Brief – Print the entire listing below word for word, excluding its pictures.

Data provided –
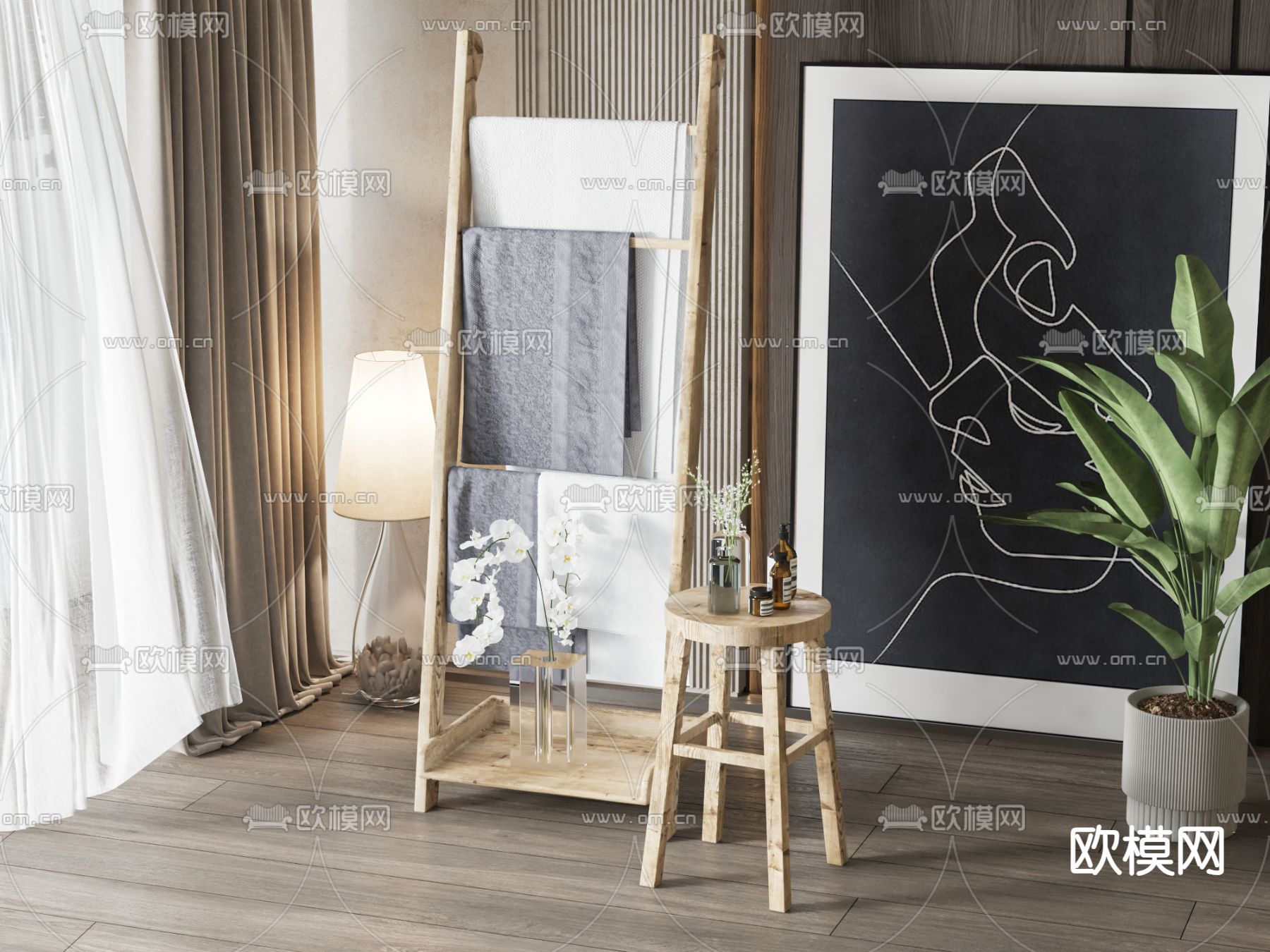 毛巾架 圆几3d模型下载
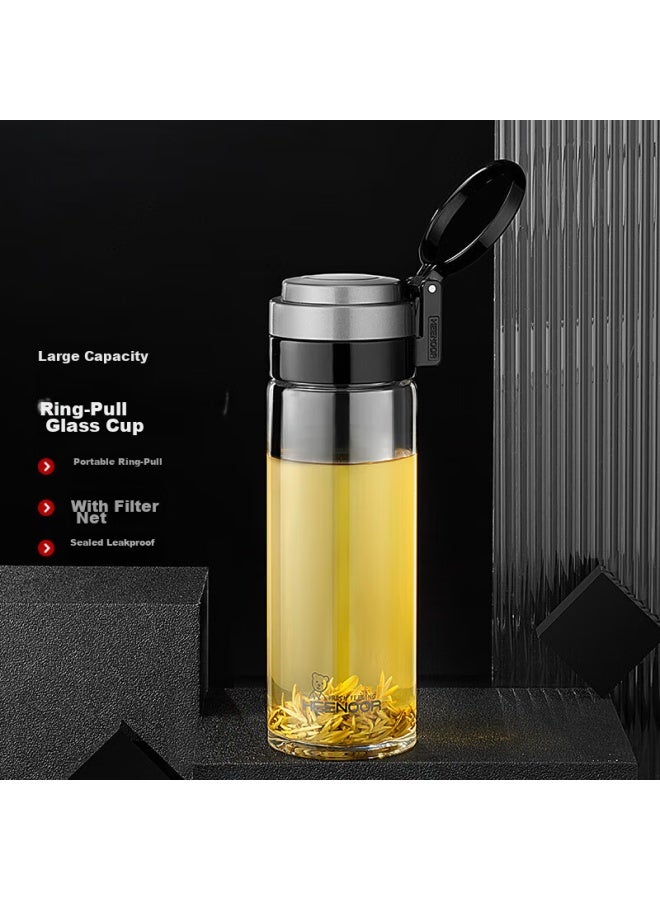 Heenoor Xino Single-layer Glass Cup, Large Capacity, Portable, With Handle, Sports Water Bottle For Men, Filtered Tea Cup, Xn-9076, 695ml - Image 1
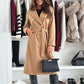 Women's Double Breasted Wool Trench Coat, Notch Lapel Midi Long Winter Coat With Belt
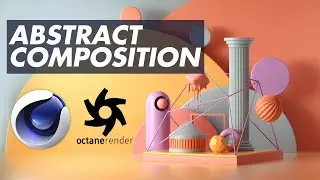 Octane Render Cinema 4D Abstract Composition - Studio Lighting, Pastel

Expected answer –
 毛巾架 圆几3d模型下载
 Heenoor Xino Single-layer Glass Cup, Large Capacity, Portable, With Handle, Sports Water Bottle For Men, Filtered Tea Cup, Xn-9076, 695ml - Image 1
 Women's Double Breasted Wool Trench Coat, Notch Lapel Midi Long Winter Coat With Belt
 Octane Render Cinema 4D Abstract Composition - Studio Lighting, Pastel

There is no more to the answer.